Echo and the Bunnymen have earned a awful live reputation in recent years. Ian McCulloch has been accused of turning up to gigs drunk leading to shambolic live performances. The group's latest tour, in which they have been playing through their first two albums Crocodiles and Heaven Up Here seems like an attempt to regain some sort of composure and critical reputation. When the band finally arrived on stage to enthusiastic applause initial signs were very encouraging. 'Opening Up' was played to perfection and sung just as well as it was twenty two years ago. McCulloch fluffed a few lines here and there throughout the performance but generally the entire album was played excellently. In this setting it is evident just how strong Echo and the Bunnymen's early work actually is, there is no dead weight holding down Crocodiles and as such the band played a tight and enjoyable opening to their set. Despite this competency it would be possible to accuse the band of being a little static, each band member barely moved once throughout the set Mccolloch only ever straying from his position to adjust his fan. This is to be expected as, unfortunately, they are getting old and have never really had a reputation for being anything but glum.

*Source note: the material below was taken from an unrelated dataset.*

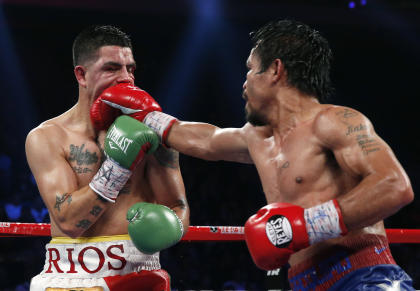 Manny Pacquiao lands a right to Brandon Rios during their WBO international welterweight title fight last year. (AP)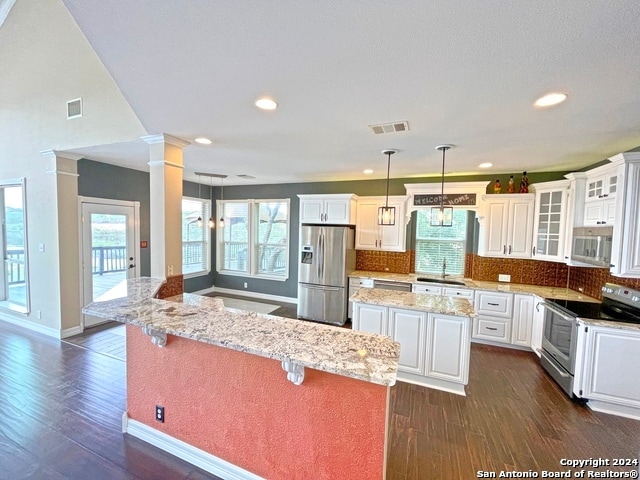 kitchen featuring sink, a center island, stainless steel appliances, white cabinets, and dark hardwood / wood-style floors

After the band finished Crocodiles they took a short ten minute break launching straight into Heaven Up Here upon their return. It was encouraging that the group managed to retain the same composure from the first part of the set but also managed to inject an iota of energy into their performance. For once it looked like the group were actually enjoying playing. Ian McCulloch enjoyed talking to the crowd although it became increasingly difficult to discern what he was actually saying. Heaven Up Here is another strong release and it was remarkably refreshing to hear it played in full. The group were lively throughout and their interaction with the die hard fans in the audience was heartening. This had all the hallmarks of a great gig.

Enthused by the reception the band returned for two encores playing the majority of their hits that were not contained on the first two albums. Their strong performance and new found competency remained, although the band sounded a tad rough during the start of 'The Killing Moon'. Despite these minor flaws I'm very pleased to say that Echo and the Bunneymen have successfully become a must see band once again. Ignore all of the bad things you've heard, the group can now perform as well as they ever did.